Sadness weighed heavy in his heart, along with remembered grief at leaving that home, seeing the house and all those precious possessions sold or donated to charity by Zeb.
‘Possessions clutter up life,’ his newly discovered father had told him. He’d placed a light hand on Adam’s shoulders. ‘I know it’s a hard concept, but you’ll work it out. You’ve got a new life now, Adam. A life of adventure.’
Words that had aroused such a conflict of emotion—sadness, excitement, guilt and fear—and set him inexorably on the path to becoming the man he was today.
Rubbing a hand over his face, Adam frowned. The past wasn’t relevant right now. Neither were his interior decorating preferences. Or his attitude to clutter. ‘Anyway,’ he said. ‘Go ahead. Pick a shirt.’

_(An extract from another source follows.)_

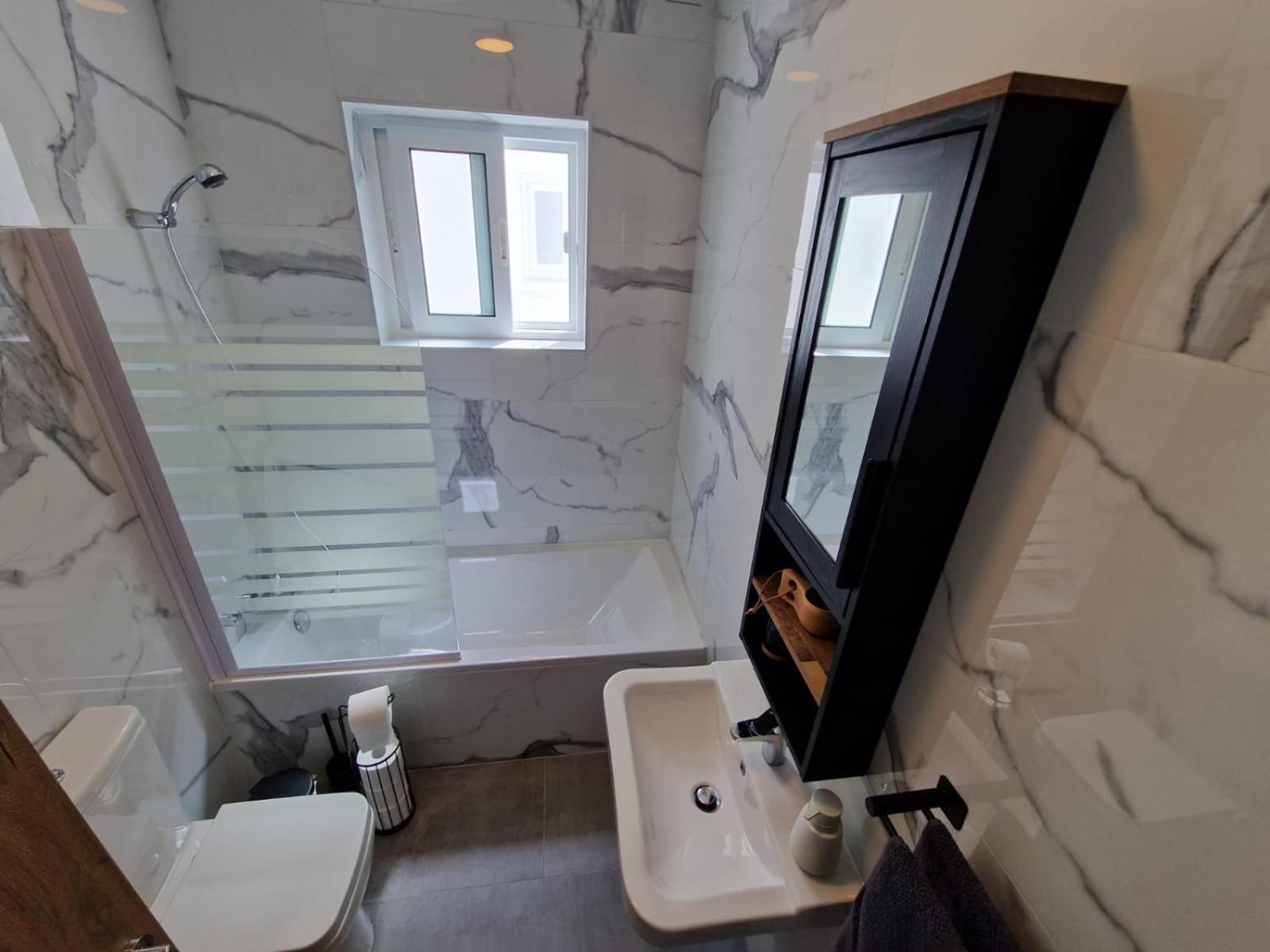 Апартаменти Sea View New Penthouse Terrace & Garage Parking Сент-Полс-Бей Екстер'єр фото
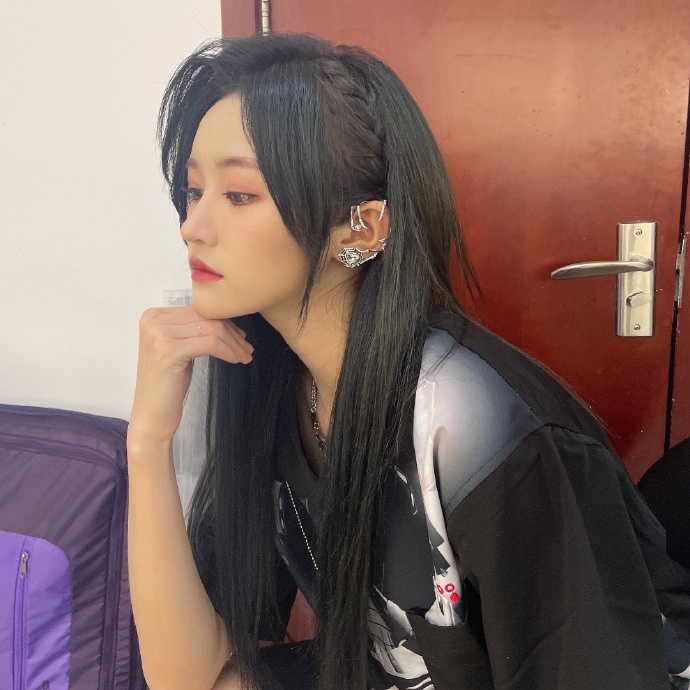 美女艺人张昕迷人美照欣赏好漂亮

She turned her attention back to the wardrobe and tilted her head to one side.
‘Interesting,’ she said. ‘For a man who doesn’t like clutter you sure do like clothes. What do you do? Find something you like and order it in every colour? You’ve got three styles in there. Long sleeves, short-sleeved shirts and T-shirts. Five colours each.’
Impressive. All the clothes were in a jumbled mass, and yet she’d analysed his wardrobe at a glance. Now she was looking at him with a disconcertingly assessing slant to her hazel eyes. To his own annoyance Adam realised he was rocking on the balls of his feet. As if he was uncomfortable.